**WHAT TO WORK ON**
Reproduce everything from the line that contains "kylie-sweet webcam" down to the line that contains "Sala Comercial no" in the listing below, word for word and nothing more. Leave the pictures out.

**SOURCE INFORMATION**
━━━
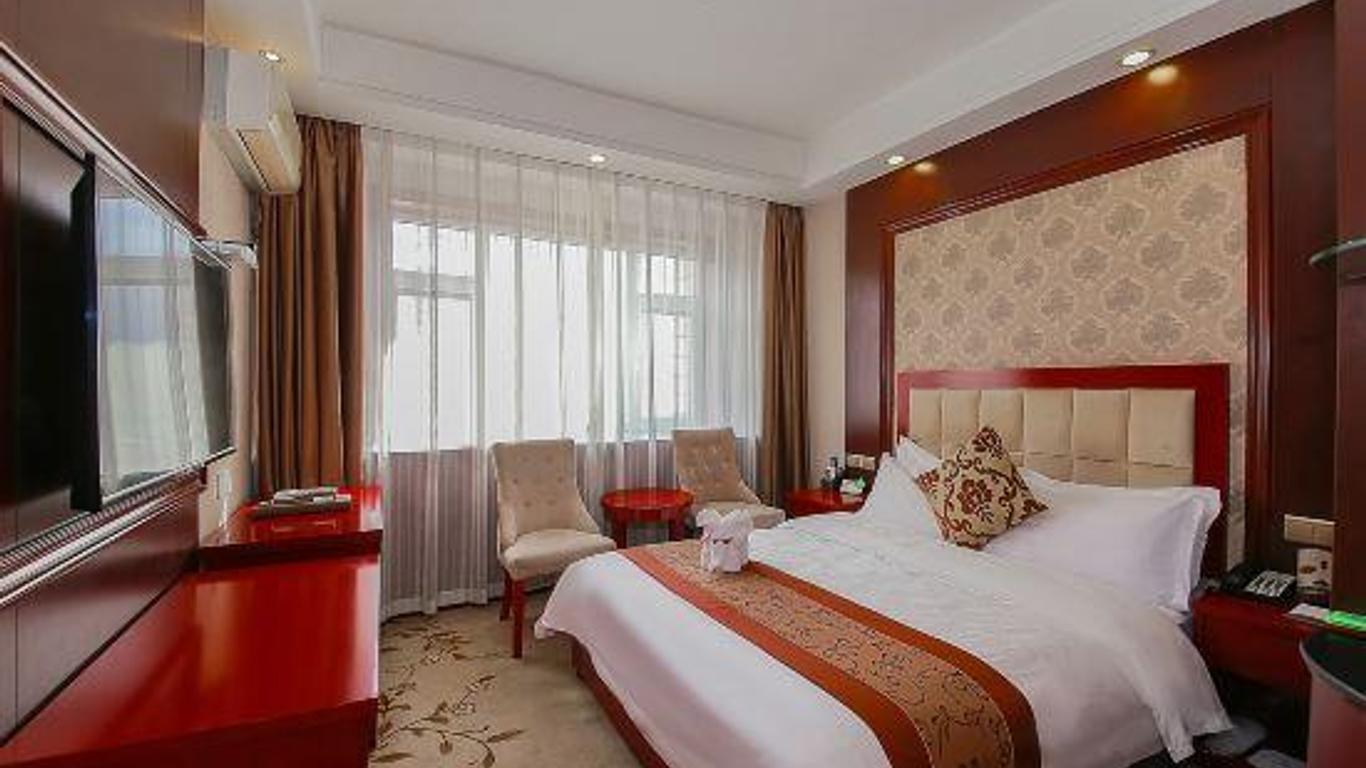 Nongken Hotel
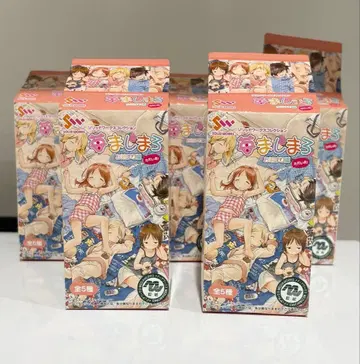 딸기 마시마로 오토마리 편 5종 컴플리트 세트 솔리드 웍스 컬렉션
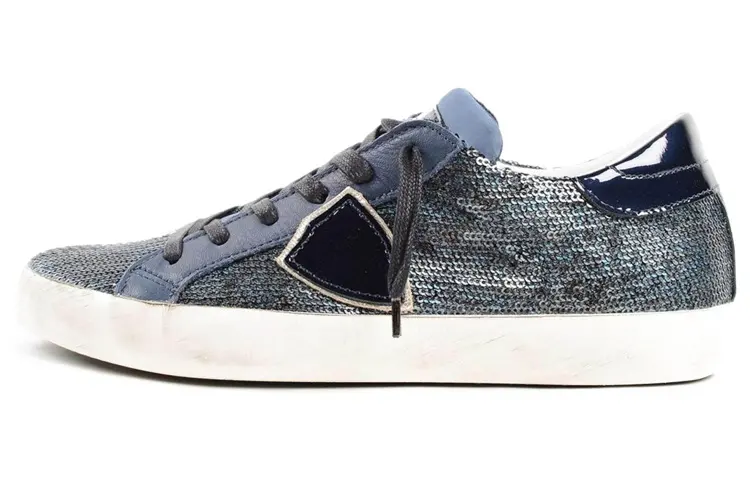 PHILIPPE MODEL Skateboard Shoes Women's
━━━
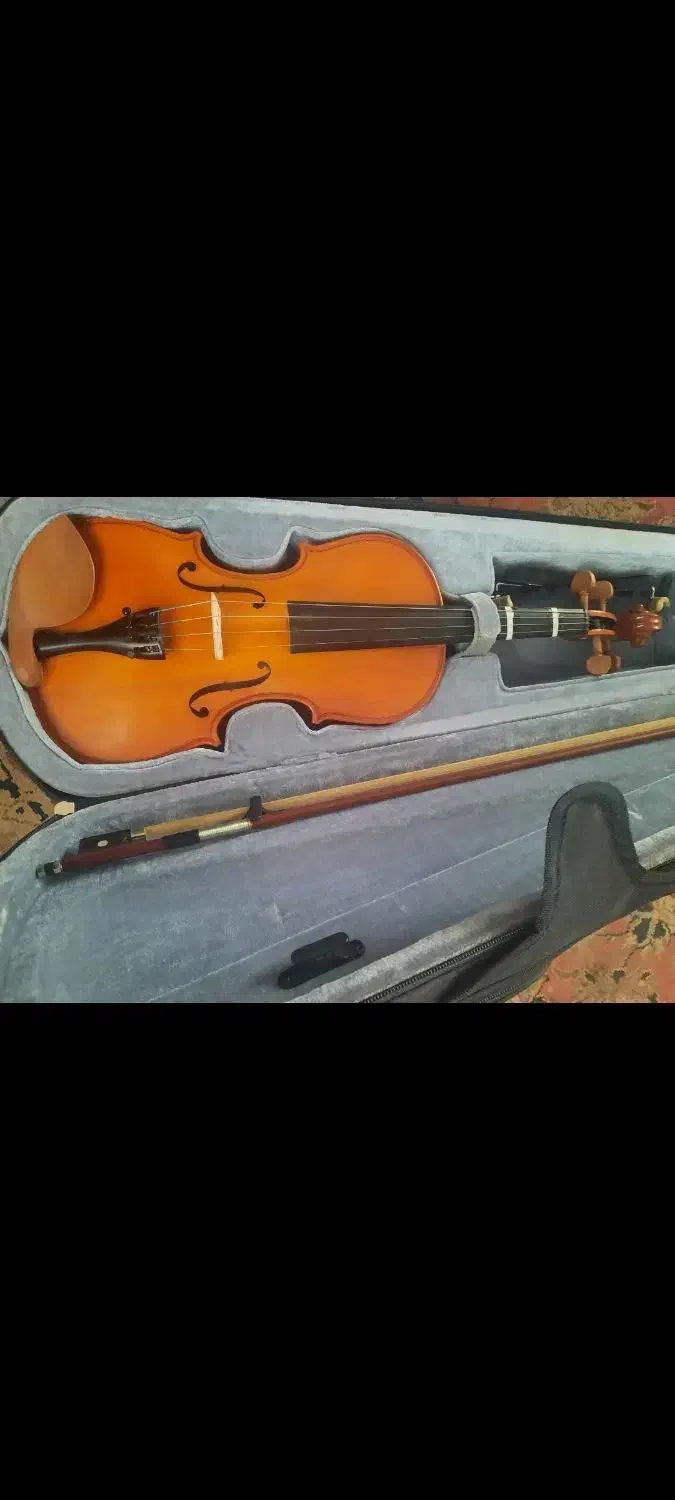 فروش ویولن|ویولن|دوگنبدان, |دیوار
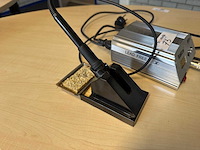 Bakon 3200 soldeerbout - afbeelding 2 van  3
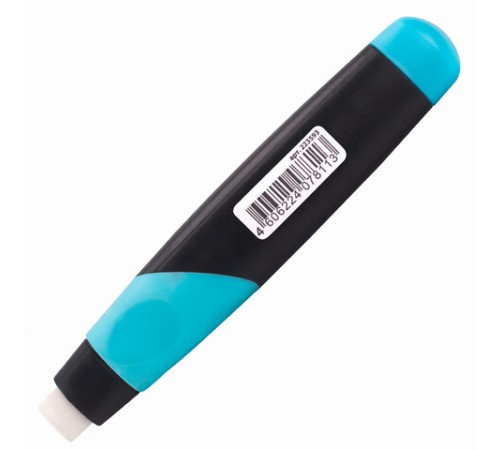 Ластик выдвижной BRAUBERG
━━━
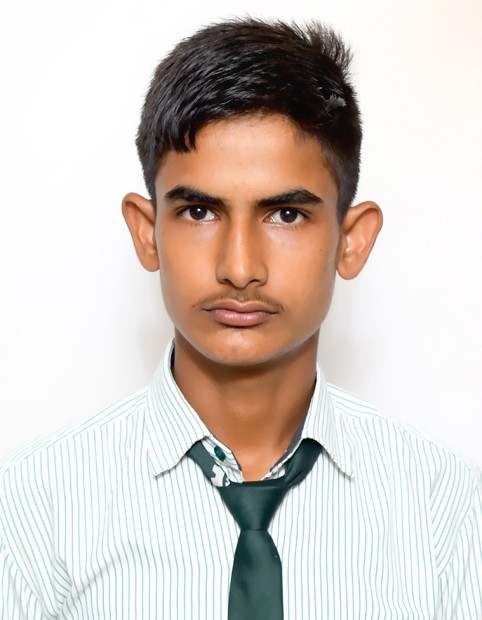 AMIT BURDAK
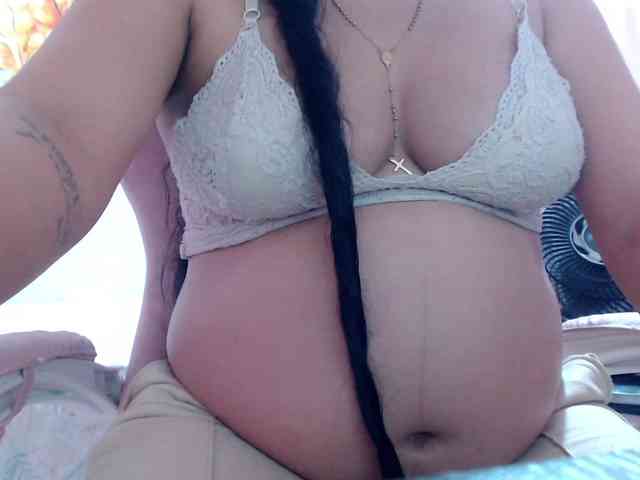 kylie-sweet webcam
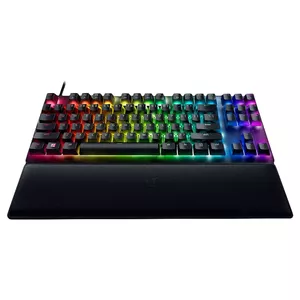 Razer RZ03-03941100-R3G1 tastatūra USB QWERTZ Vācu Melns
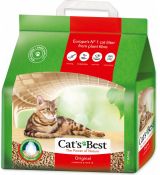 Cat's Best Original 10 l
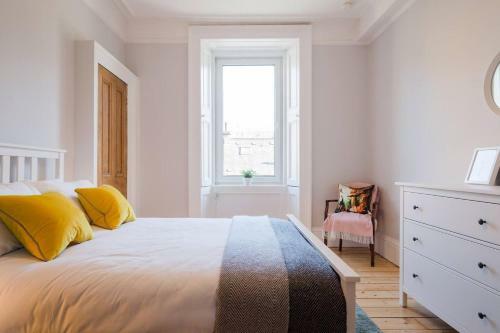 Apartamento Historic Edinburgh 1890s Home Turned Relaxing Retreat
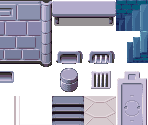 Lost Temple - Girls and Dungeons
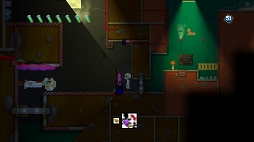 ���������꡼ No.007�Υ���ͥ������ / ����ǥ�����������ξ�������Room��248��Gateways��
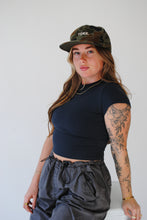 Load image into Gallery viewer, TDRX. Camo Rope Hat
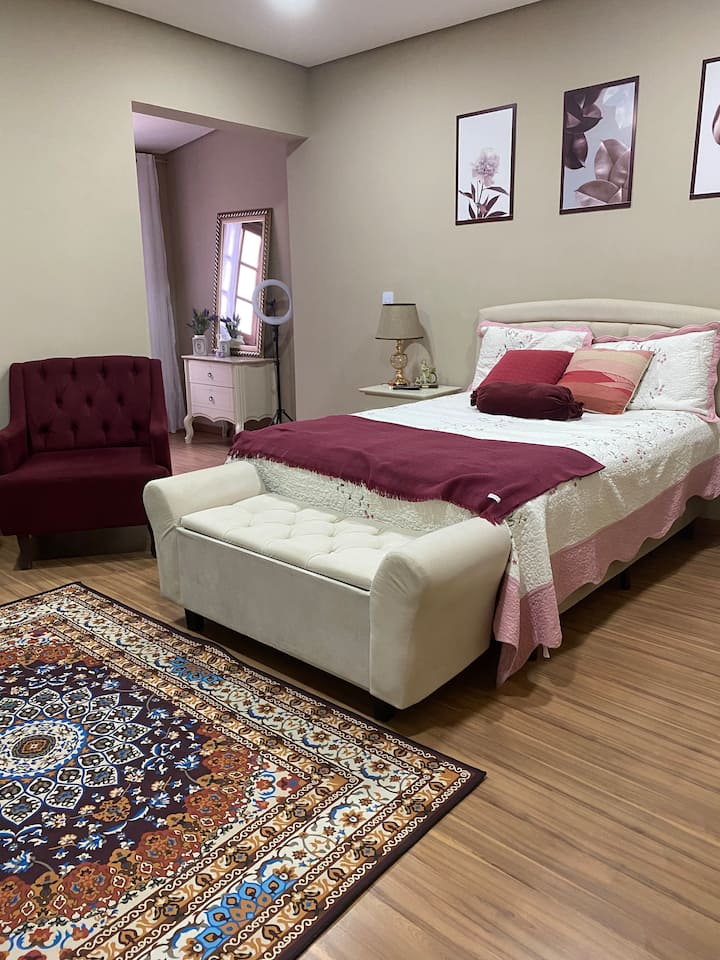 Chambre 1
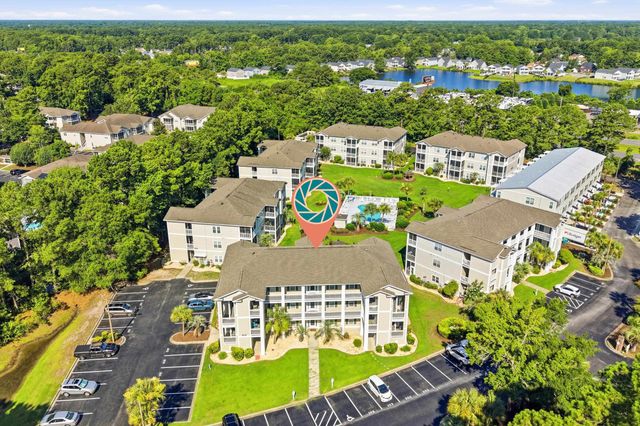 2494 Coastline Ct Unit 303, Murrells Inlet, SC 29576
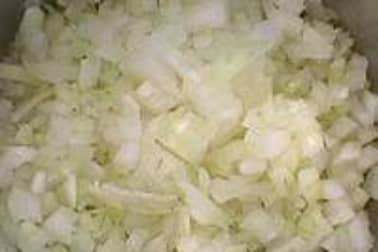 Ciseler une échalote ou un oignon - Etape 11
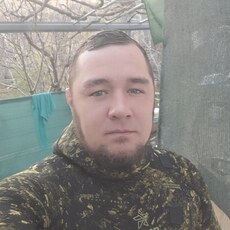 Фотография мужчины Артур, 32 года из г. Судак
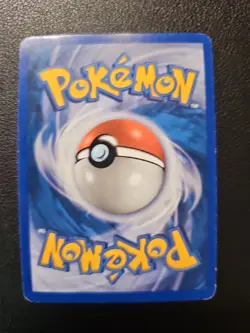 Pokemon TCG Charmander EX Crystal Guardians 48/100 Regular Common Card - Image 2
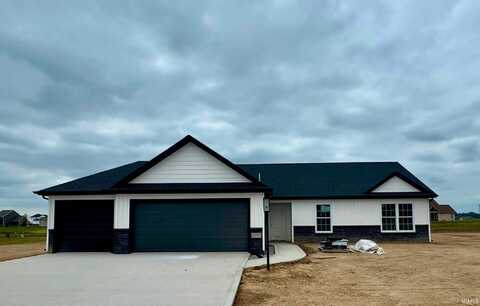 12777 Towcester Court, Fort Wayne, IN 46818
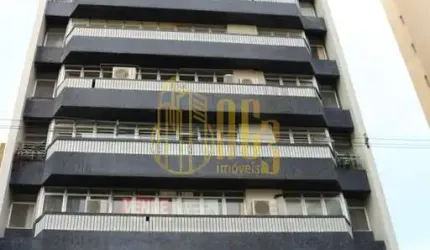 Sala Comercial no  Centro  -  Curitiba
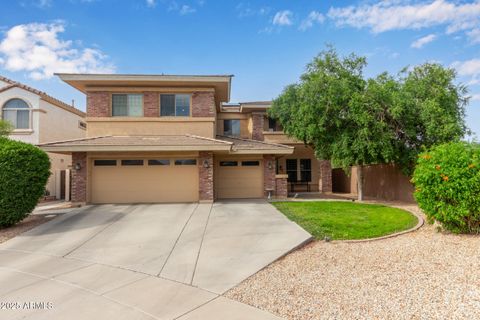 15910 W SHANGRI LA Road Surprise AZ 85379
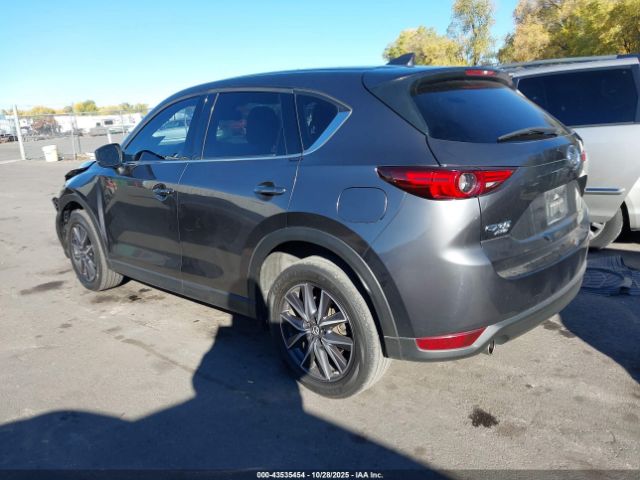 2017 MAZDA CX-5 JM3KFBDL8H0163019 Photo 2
━━━
**TASK ANSWER**
 kylie-sweet webcam
 Razer RZ03-03941100-R3G1 tastatūra USB QWERTZ Vācu Melns
 Cat's Best Original 10 l
 Apartamento Historic Edinburgh 1890s Home Turned Relaxing Retreat
 Lost Temple - Girls and Dungeons
 ���������꡼ No.007�Υ���ͥ������ / ����ǥ�����������ξ�������Room��248��Gateways��
 Load image into Gallery viewer, TDRX. Camo Rope Hat
 Chambre 1
 2494 Coastline Ct Unit 303, Murrells Inlet, SC 29576
 Ciseler une échalote ou un oignon - Etape 11
 Фотография мужчины Артур, 32 года из г. Судак
 Pokemon TCG Charmander EX Crystal Guardians 48/100 Regular Common Card - Image 2
 12777 Towcester Court, Fort Wayne, IN 46818
 Sala Comercial no  Centro  -  Curitiba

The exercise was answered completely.